__What to do__. Where does the string "Casa" appear in the records? Copy every line that contains it.

__Short web captions__.
▼
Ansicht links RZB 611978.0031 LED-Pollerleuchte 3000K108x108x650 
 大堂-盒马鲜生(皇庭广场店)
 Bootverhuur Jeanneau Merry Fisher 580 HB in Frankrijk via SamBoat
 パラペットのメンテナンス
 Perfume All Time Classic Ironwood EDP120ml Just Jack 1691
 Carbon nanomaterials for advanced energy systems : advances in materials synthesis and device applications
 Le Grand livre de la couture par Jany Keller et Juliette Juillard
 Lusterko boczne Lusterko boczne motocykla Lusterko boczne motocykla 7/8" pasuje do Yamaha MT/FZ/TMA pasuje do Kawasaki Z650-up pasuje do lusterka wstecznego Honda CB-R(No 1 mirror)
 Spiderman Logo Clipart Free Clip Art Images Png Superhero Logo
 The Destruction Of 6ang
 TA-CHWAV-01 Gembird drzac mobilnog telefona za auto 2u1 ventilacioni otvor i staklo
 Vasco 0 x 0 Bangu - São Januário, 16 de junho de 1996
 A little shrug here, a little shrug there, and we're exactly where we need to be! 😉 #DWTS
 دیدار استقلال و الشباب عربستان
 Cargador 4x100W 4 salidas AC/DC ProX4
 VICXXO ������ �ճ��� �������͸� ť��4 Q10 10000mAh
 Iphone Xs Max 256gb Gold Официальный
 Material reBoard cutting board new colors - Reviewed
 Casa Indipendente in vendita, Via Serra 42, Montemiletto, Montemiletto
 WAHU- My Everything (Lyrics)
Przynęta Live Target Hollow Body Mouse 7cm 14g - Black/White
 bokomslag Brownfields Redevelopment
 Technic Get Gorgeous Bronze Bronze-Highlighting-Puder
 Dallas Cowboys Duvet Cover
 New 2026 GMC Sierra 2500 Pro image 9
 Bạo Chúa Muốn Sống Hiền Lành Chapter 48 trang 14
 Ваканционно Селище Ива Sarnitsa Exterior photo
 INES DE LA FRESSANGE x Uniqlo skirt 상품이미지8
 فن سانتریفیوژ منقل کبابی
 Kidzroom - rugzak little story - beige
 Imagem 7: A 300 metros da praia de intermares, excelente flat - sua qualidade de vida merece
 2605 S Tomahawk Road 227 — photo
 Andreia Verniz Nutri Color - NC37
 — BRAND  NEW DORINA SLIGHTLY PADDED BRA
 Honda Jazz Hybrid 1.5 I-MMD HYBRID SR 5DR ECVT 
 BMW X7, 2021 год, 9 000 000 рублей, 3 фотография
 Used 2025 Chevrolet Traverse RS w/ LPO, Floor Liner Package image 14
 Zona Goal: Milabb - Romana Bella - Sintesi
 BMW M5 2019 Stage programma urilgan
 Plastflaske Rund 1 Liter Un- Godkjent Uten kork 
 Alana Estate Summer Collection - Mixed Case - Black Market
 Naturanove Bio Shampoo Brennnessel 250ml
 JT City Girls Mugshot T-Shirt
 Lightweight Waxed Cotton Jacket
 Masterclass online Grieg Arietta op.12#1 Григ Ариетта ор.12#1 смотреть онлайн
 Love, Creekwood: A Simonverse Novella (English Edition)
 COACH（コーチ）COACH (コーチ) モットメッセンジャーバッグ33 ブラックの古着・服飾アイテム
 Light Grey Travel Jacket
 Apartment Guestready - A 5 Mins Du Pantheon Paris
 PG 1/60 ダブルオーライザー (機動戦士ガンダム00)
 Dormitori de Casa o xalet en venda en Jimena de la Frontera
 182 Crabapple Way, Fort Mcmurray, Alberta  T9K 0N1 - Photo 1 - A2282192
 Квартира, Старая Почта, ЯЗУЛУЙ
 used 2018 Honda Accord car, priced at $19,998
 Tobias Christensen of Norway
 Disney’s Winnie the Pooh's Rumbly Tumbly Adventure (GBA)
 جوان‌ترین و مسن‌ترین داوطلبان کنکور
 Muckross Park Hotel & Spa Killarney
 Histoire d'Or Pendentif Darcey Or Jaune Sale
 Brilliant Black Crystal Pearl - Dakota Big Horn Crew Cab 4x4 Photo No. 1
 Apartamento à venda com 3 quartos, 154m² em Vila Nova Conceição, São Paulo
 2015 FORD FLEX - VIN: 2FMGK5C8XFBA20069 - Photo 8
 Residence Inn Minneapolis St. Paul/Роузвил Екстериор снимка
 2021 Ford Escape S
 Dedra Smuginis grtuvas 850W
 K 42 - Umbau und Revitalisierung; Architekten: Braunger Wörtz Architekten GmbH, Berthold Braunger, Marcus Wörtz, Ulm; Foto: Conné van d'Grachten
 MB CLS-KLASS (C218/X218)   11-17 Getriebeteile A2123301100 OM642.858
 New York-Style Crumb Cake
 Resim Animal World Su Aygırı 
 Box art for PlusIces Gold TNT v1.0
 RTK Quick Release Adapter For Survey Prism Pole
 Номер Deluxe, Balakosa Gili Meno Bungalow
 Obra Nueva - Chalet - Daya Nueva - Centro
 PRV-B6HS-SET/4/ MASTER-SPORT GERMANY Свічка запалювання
▲
__Response__.
 Casa Indipendente in vendita, Via Serra 42, Montemiletto, Montemiletto
 Dormitori de Casa o xalet en venda en Jimena de la Frontera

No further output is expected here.